As with most new architectures, this dream takes a bunch of work to become a reality. Even when you do get your application componentized enough and packaged properly, there are still challenges for DevOps teams to making the shift to continuous delivery and achieving that reduction in cost and increase in speed.
When deploying our app, VCTR (sounds like Victor), we discovered a few of these challenges. Here are our top 5 challenges when trying to move to container deployment for VCTR and how we solved them:
1. Unruly Scripts cost time and developers
Building out the script to deploy our complex, multi-container application was a job in itself. We had to assign a full-stack developer who understood the full architecture and pull him away from building actual product features. Our now “full-time overpaid script guru” spent hours to days updating the script every time we had a new feature to deploy. From a simple 200 lines of code to over 2,000 lines of chaos, the script grew and our productivity lagged.
2. Upgrades are hit or miss
Upgrading our app was a shot in the dark. From small patches to new features, though we tested all permutations of functionality, we had no way to test out the deployment itself. We’d get hung up by silly stuff like “we forgot to purge the db connection” or “we needed to deploy container 1 before destroying container 2”. We attempted to fail forward but ended up spending tons of time debugging instead.
3. Redeploy is not a solution.
In a fully available application, downtime is not an option. The deploy and pray methodology didn’t do much for our nerves (or our careers) either. So, our script guru did his very best to “Fail Forward” by just redeploying and hoping for a fix. That worked sometimes but never allowed us to actually pinpoint and fix the underlying problems.

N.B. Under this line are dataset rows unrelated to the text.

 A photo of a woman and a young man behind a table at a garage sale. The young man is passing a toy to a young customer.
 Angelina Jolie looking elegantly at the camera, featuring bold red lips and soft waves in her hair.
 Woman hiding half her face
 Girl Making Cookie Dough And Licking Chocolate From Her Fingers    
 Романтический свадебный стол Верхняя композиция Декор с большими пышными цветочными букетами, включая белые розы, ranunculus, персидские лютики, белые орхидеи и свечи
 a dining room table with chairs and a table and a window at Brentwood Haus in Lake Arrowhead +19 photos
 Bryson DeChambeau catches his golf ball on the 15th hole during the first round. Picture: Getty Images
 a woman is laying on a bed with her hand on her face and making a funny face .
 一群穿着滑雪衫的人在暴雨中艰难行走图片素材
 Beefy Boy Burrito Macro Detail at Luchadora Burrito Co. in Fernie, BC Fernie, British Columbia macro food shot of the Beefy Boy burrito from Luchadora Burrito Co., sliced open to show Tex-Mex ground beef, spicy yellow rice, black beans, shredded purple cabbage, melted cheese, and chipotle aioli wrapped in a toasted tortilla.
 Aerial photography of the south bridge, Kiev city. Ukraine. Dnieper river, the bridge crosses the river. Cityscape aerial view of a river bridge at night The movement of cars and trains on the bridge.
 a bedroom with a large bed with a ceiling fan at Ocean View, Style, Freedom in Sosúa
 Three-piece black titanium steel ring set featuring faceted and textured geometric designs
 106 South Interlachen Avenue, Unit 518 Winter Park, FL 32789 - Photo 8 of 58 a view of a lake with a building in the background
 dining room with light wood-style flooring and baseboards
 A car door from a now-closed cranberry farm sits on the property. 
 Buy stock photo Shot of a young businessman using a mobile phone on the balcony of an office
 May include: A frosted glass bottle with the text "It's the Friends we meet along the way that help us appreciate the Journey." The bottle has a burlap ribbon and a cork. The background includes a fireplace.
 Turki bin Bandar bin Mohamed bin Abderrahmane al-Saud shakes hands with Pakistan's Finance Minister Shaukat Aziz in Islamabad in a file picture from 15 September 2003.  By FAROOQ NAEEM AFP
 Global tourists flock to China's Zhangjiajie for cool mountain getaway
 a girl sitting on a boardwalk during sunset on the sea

4. Manual Rollbacks != Fun
When the not-so-trusty redeploy failed, and fail-forward took too long, script guru had to manually roll-back our changes. Imagine the wonderful feeling of removing what he deployed piece by piece while having the team breathing down his neck asking for an estimated time for a ‘fix’. Even when he did get it working…
5. No one knew what we deployed, except our script guru.
The development team is making updates based on a supposed end-state they think exists. The Ops team is sending in reports of issues but the dev team says it “works for them”. The cycle continues until someone opens the access to production to pinpoint the problem. Not very easy, flexible or reliable, is it? Oh, and our newly minted script guru has to be around for every deploy. Probably great for his job security but terrible on his personal life. HE CAN NEVER LEAVE..
We realized if we couldn’t solve these problems, there was no path to true continuous deployment. Evidently we were discovering what some tech giants had already realized – they needed a deployment system. That’s why Netflix developed Spinnaker, but it’s designed for a previous generation of infrastructure. That’s why Uber developed Micro Deploy, but they haven’t shared it so you can’t run that.
So we built Skopos, what our script guru calls “continuous deployment for the rest of us”.
We’re in the beta phase with Skopos, so you can check out the full blown product without a registration: https://github.com/datagridsys/skopos-sample-app. We know it solves all of our initial problems with deployment and probably will do the same for you.
To conclude our story, script guru (aka Pavel) is back to building features.